After bobsledding during the winter (17th place in World 2-man Championships), Greaves won the 2001 Scottish title in 13.70 and had a season's best 13.68 for 2nd at the AAAs. He was disqualified for two false starts in his heat at the 2001 World Championships in Athletics. In 2002, he was 2nd in the AAA indoor 60m hurdles in 7.75 and went out in his heat at the European Indoors.

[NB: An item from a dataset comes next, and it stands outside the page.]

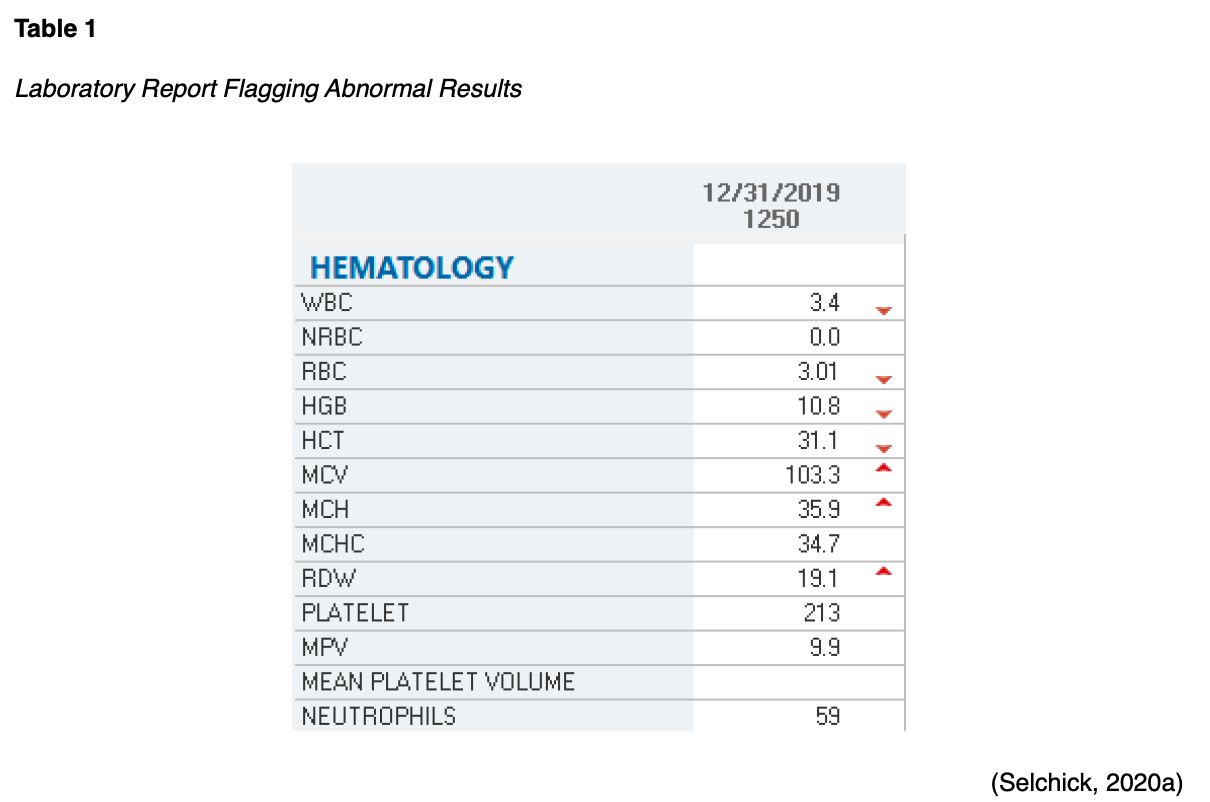 Basic Laboratory Values for RNs and LPNs Nursing CE Course NursingCE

He ran a personal best of 13.54 for 3rd at the AAAs, but fell at the first hurdle in the 2002 Commonwealth Games final and his 13.90 heat time at the European Championships was not enough to advance.

He showed top form again at the 2003 AAA Championships to regain the title in 13.66 and had bests of 13.68 and 13.50w in 2004. Having switched coaches from Lloyd Cowan and Colin Jackson to Mike McFarlane and lost weight, he ran a season's best of 7.68 in his heat but was slower at 7.75 for fifth in his 60mh semi-final at his fourth European Indoors in 2005. He won the 110mh at Loughborough in 13.59 but had to drop out of the European Cup team due to a trapped nerve in his back. He was disqualified for a false start in his heat at the AAAs.

Greaves narrowly missed the final when he was 5th in 13.71 in his heat at his third Commonwealth Games in 2006.